-- Records for the exercise follows --

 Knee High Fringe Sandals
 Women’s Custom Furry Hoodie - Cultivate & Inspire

-- Records for the exercise concluded --
-- Records for the exercise follows --

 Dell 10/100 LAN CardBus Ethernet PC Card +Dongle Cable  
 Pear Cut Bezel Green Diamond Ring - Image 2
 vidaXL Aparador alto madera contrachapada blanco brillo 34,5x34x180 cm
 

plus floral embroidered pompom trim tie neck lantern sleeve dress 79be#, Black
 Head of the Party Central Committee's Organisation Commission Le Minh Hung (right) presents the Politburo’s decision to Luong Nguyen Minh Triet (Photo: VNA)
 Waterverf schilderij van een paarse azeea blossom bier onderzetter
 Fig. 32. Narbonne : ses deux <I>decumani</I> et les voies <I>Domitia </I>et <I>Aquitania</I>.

-- Records for the exercise concluded --

*The task:*
Please transcribe exactly the lines above from the line that has "Dell 10/100 LAN" up to and including the line that has "Fig. 32. Narbonne : ses"; no other line belongs in the answer.

*Expected output:*
 Dell 10/100 LAN CardBus Ethernet PC Card +Dongle Cable  
 Pear Cut Bezel Green Diamond Ring - Image 2
 vidaXL Aparador alto madera contrachapada blanco brillo 34,5x34x180 cm
 

plus floral embroidered pompom trim tie neck lantern sleeve dress 79be#, Black
 Head of the Party Central Committee's Organisation Commission Le Minh Hung (right) presents the Politburo’s decision to Luong Nguyen Minh Triet (Photo: VNA)
 Waterverf schilderij van een paarse azeea blossom bier onderzetter
 Fig. 32. Narbonne : ses deux <I>decumani</I> et les voies <I>Domitia </I>et <I>Aquitania</I>.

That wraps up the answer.